L’empreinte du dieu (Tome 4 de la saga “Gens du Nord”)

Cet été 2020 marchez en Flandres dans les empreintes du dieu
De
Maxence Van der Meersch
Omnibus,
132 pages
Notre recommandation
5/5

Infos & réservation

Thème

Le roman se situe entre les deux guerres, dans les Flandres plates, brumeuses, mystérieuses, envoûtantes, où la terre, la mer, l’eau, le ciel habitent les maisons, où la plus grande richesse, celle des capitaines d’industrie, des barons du commerce, côtoie tout un peuple de petites gens, fier, rustre, courageux, besogneux, authentique. Dans un misérable caboulot au milieu de nul part vit Karelina, jolie jeune femme soumise et battue par son mari Gomard. Un jour son oncle Domitien Van Bergen, riche écrivain anversois, la visite en compagnie de son épouse et lui promet de lui venir en aide à sa première demande. Un soir après que Gomard aviné manque de la tuer, Karelina parvient à s’enfuir chez son oncle qui la recueille avec une grande bonté.

Points forts

On a comparé Maxence Van der Meersh à Zola, en particulier La Terre, mais il faut dire que l’écriture de Van der Meersh est bien plus puissante dans la description du prolétariat industriel dont les conditions de travail et d’existence sont admirablement évoquées. Pour comprendre la révolution sociale du milieu du XXème, la nécessité de faire évoluer le “ Droit du Travail”, l’arrivée des congés payés, la semaine de cinq jours, le vote des femmes etc, la lecture de Maxence Van der Meersch apporte un précieux témoignage.          

Quelques réserves

On peut ne pas s'intéresser à ce monde “des petites gens”  disparu dans la tourmente de la Seconde Guerre Mondiale. Le style peut sembler suranné car il utilise un vocabulaire abondant et des tournures de phrases de grand-papa...Aussi les sentiments et les valeurs mis en avant, paraissent aujourd’hui “passés de mode” bien que universels et intemporels.

Un point faible majeur est qu’il est difficile de se procurer les livres de cet auteur oublié: il faut prendre cette édition Omnibus ou parcourir les vides-greniers, les bouquinistes, fouiller dans les vieux cartons du déménagement des grands-parents.

Encore un mot...

Le livre nous fait toucher du doigt le gouffre qui existait entre les conditions de vie du prolétariat industriel et celles des classes dominantes. On est content de vivre dans le monde d’aujourd’hui!
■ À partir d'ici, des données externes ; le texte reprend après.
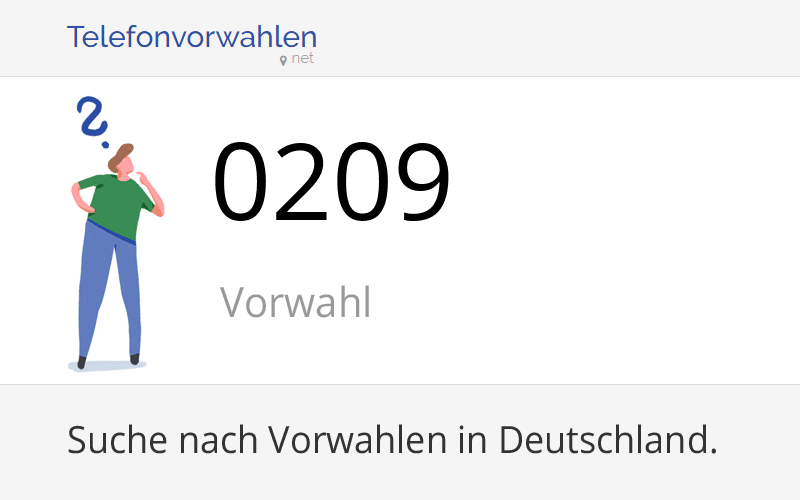 0209 Vorwahl, Ortsvorwahl 0209 auf Telefonvorwahlen.net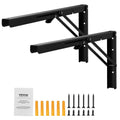 Heavy-duty black folding shelf brackets with mounting screws and instructions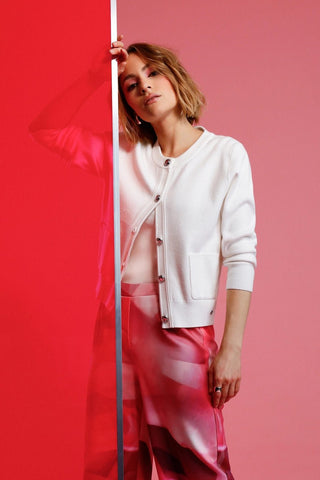 Monari Round Neck Cardigan Ivory - MMJs Fashion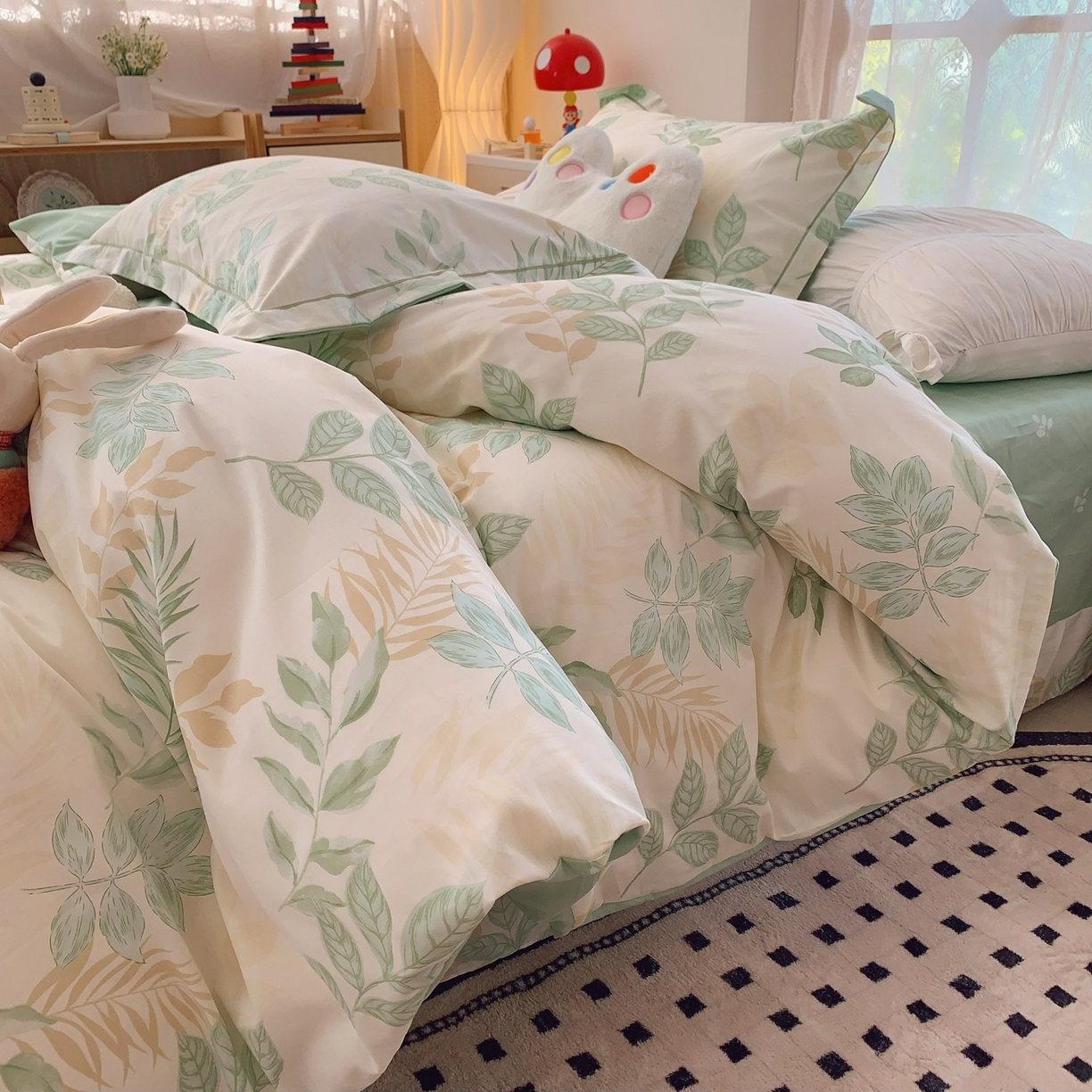 91家纺网 家纺一手货源 找家纺 奈萝家纺 2025新款全棉纯棉小清新印花四件套-第一波 东方树叶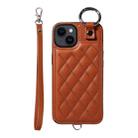 For iPhone 14 Rhombic Texture Card Bag Phone Case with Short Lanyard(Brown) - 1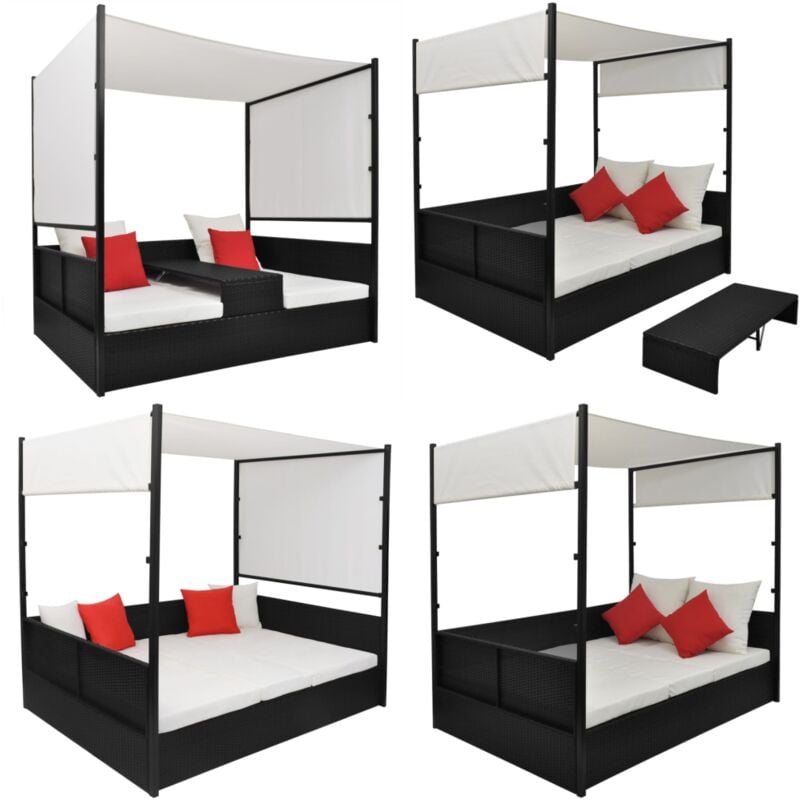 Lit de jardin avec auvent Noir 190x130 cm Résine tressée - lit à deux places - lits à deux places - Home & Living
Mais cet ancien monde du dur labeur physique, dans un pays apparement lugubre, parvient à survivre grâce à l’authenticité de ces classes populaires, la fraternité des pauvres, la gaieté des nombreux événements populaires, y compris les plus cruels commes les combats de coq, tandis que le travail de bureau à la maison, aussi appelé télé-travail, solitaire, sans liens sociaux, semble voué à l’ennui entre deux poses à la e-machine à café ! Quel est le meilleur des deux mondes? 

Une phrase

La mort du coq victorieux
Le coq devait tenir debout trois minutes. Ce serait long. Gomar le sentait. Son coq “en avait dans le gave”. Il était debout, mais péniblement. On devinait qu’il usait ses forces. Vers la deuxième minute, il commença à chanceler. Il ouvrait à demi les ailes, respirait fort, enflait largement son poitrail vaste, en un halètement rapide. Un flot de sang lui monta, une bave épaisse, bien qu’il ouvrit tout grand son bec embarrassé, pour respirer plus amplement. Il regardait autour de lui. Ses yeux se voilaient. Mais il restait debout, incarnant jusqu’à la fin l’orgueil, délabré et splendide comme l’image même de la victoire, sa tête altière, le souffle précipité dont brûlait sa poitrine, les plumes pendantes autour de lui comme des lambeaux, et se cadavre, à terre, qu’il piétinait. A son souffle était suspendu le souffle de cent poitrines.
-       Tiendra !
-       Tiendra pas !    

L'auteur

Né à Roubaix, Maxence Van der Meersch a sans doute été l’un des grands écrivains de l’entre-deux-guerres, couronné en 1936 par le prix Goncourt pour L’empreinte du dieu (Tome 4/5 de la saga Gens du Nord). Il mort jeune (1907-1951) ce qui explique sans doute que son oeuvre ait disparu avec lui car il est resté l’écrivain des paysages et des gens du nord, un écrivain “naturaliste”, alors que dans les années 50 la mode était à une littérature plus “intellectuelle”,“politique” avec des écrivains comme Sartre, Camus, Vian, Nizan, Aron pour n’en citer que quelques uns.